Expat Financial Planning in Greece: A Complete Guide

Updated 2026-06-138 min readBy Global Investments

Expat Financial Planning in Greece: A Complete Guide

Greece is experiencing a genuine resurgence as a destination for internationally mobile individuals. A decade after the depths of the sovereign debt crisis, the country has stabilised, reformed, and increasingly attracted both investment and relocation. With EU membership, a Mediterranean climate, outstanding food and culture, improving infrastructure, and a suite of tax incentives for new residents, Greece deserves serious consideration in any analysis of European relocation options.

For HNW individuals in particular, Greece's 7% flat-rate tax regime for foreign-sourced income is among the most competitive in Europe — offering a single-digit rate on pensions, dividends, and investment income for up to 15 years.

Disclaimer: This guide is for general information only. Greek tax law has been subject to significant change and continues to evolve. Individual circumstances vary. This guide reflects the position as understood in 2026. You should seek qualified, personalised professional advice before making any financial, tax, or residency decisions relating to Greece.


Tax Residency in Greece

The 183-day rule applies: spending more than 183 days in Greece in a calendar year establishes Greek tax residency for that year. Days of arrival and departure are counted.

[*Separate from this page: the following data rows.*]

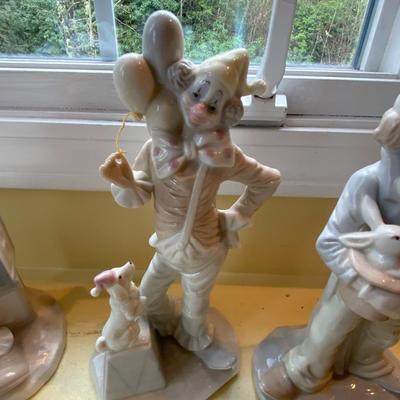 Lot of Seven Clowns Figurines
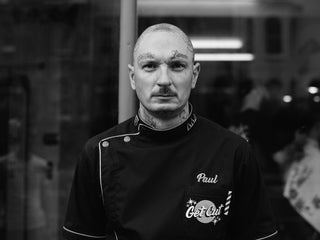 Professional barber Paul Hewitt in his shop.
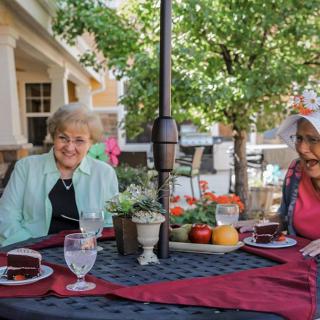 Two elderly women enjoying a meal together on a sunlit patio.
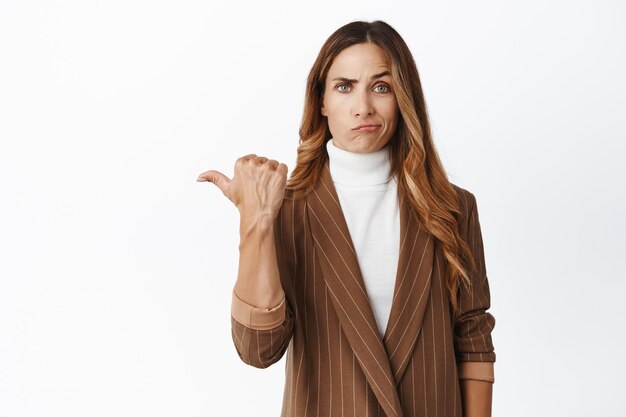 Strict lady boss looking suspicious pointing left and staring with skeptical face at camera standing in brown suit over white background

Additionally, if your primary domicile (habitual home) is in Greece — evidenced by housing, family, or economic connections — this can also trigger tax residency regardless of days spent.

Greek tax residents are taxed on worldwide income. Under the standard progressive system, this includes income from all sources globally. The 7% flat-rate regime (discussed below) modifies how foreign-sourced income is taxed, but Greek-sourced income remains subject to standard rates.


Standard Greek Income Tax Rates

Outside the special regimes, Greek personal income tax applies at the following rates:

Taxable Income (€) Rate
0 – 10,000 9%
10,001 – 20,000 22%
20,001 – 30,000 28%
30,001 – 40,000 36%
Over 40,000 44%

Investment income (dividends, interest, capital gains from listed shares) is generally taxed at flat rates of 5–15%, depending on the type of income. Capital gains from real estate are taxed at 15%.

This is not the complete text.